(Dataset records)

**********

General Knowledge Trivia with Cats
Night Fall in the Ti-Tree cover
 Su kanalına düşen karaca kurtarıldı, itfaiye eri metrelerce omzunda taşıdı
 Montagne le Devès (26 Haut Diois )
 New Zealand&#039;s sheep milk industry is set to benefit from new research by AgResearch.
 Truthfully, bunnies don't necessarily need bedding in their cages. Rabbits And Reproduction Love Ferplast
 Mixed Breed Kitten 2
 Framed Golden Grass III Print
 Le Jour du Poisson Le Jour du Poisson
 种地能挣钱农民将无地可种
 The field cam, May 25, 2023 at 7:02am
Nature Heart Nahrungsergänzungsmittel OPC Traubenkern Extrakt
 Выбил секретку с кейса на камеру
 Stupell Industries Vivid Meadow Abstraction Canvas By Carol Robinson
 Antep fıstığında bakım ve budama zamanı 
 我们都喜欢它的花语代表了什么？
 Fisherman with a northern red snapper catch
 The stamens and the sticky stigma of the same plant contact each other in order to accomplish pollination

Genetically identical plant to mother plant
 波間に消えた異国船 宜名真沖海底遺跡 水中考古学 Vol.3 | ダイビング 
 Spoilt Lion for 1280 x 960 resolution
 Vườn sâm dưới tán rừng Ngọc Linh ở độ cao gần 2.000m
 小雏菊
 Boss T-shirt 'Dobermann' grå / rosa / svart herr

**********

Instructions to follow. Above are the lines; repeat exactly the ones from the line containing "The field cam, May 25, 2023 at 7:02am" down to the line containing "Spoilt Lion for 1280 x 960 resolution", both inclusive.

Response below.
 The field cam, May 25, 2023 at 7:02am
Nature Heart Nahrungsergänzungsmittel OPC Traubenkern Extrakt
 Выбил секретку с кейса на камеру
 Stupell Industries Vivid Meadow Abstraction Canvas By Carol Robinson
 Antep fıstığında bakım ve budama zamanı 
 我们都喜欢它的花语代表了什么？
 Fisherman with a northern red snapper catch
 The stamens and the sticky stigma of the same plant contact each other in order to accomplish pollination

Genetically identical plant to mother plant
 波間に消えた異国船 宜名真沖海底遺跡 水中考古学 Vol.3 | ダイビング 
 Spoilt Lion for 1280 x 960 resolution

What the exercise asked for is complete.